Given material:

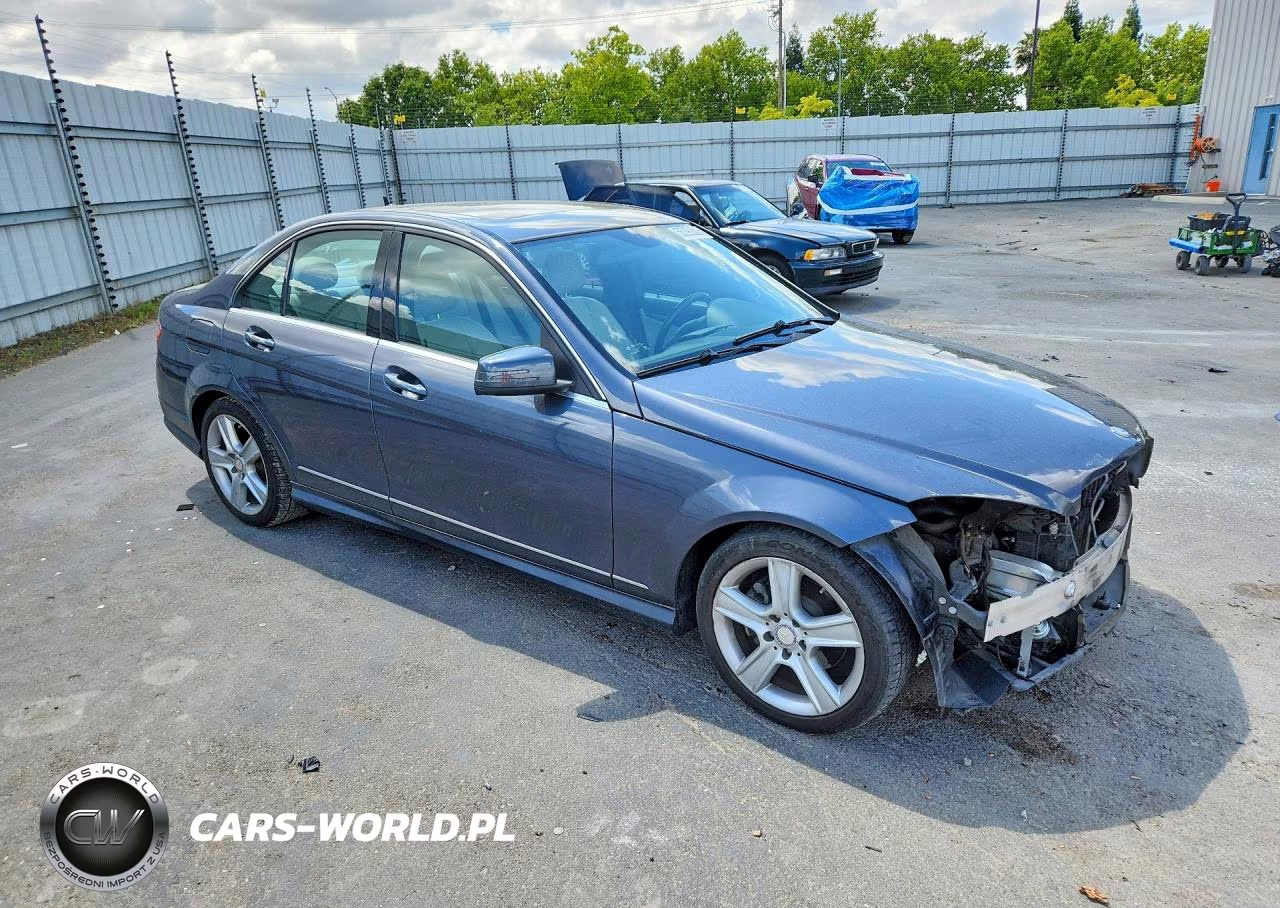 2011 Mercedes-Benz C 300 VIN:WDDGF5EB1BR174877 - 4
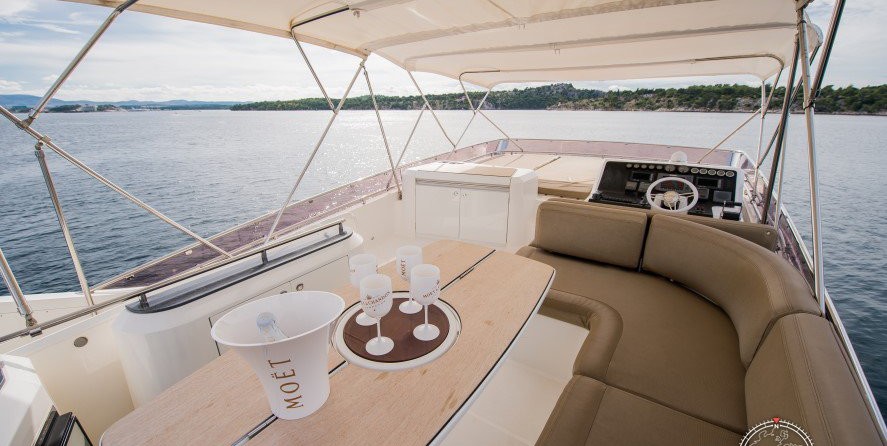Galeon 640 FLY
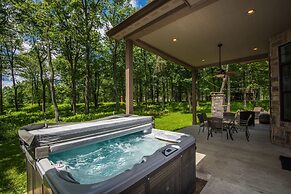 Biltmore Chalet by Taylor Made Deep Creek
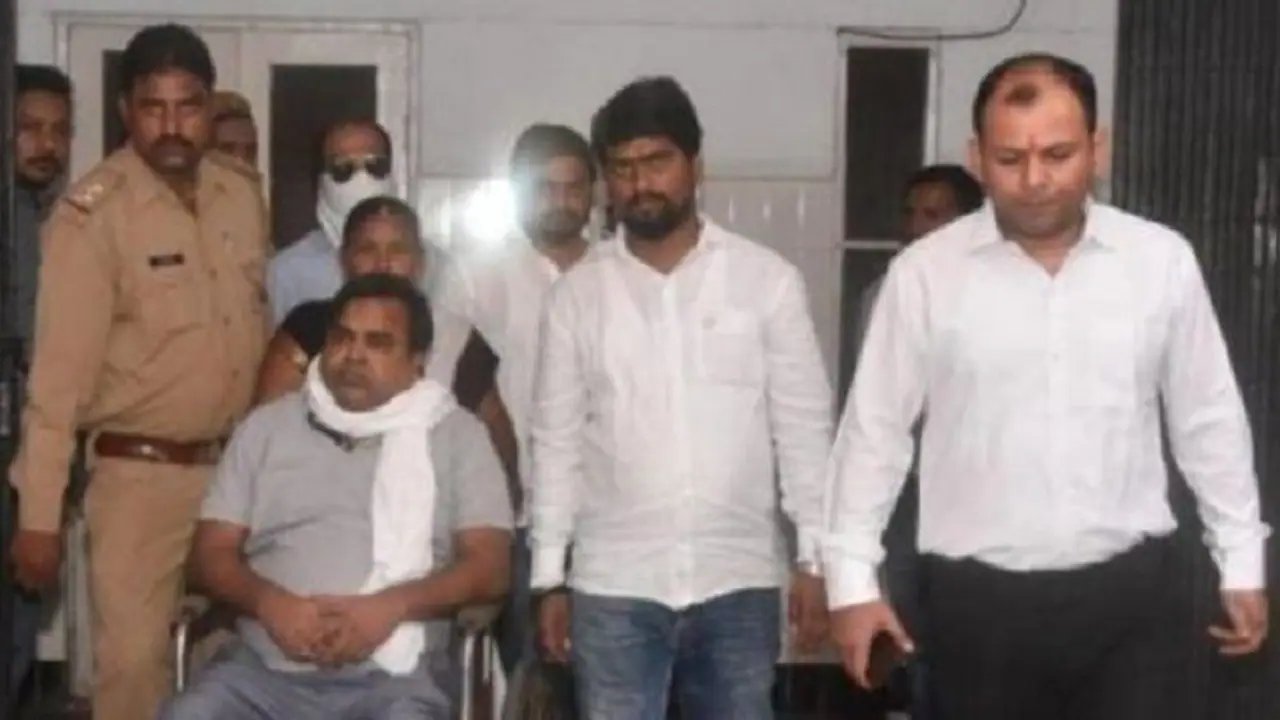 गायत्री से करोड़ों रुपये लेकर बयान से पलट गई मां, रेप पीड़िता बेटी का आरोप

Exercise goal: Except for the pictures, print the data above exactly.

Response area:
 2011 Mercedes-Benz C 300 VIN:WDDGF5EB1BR174877 - 4
Galeon 640 FLY
 Biltmore Chalet by Taylor Made Deep Creek
 गायत्री से करोड़ों रुपये लेकर बयान से पलट गई मां, रेप पीड़िता बेटी का आरोप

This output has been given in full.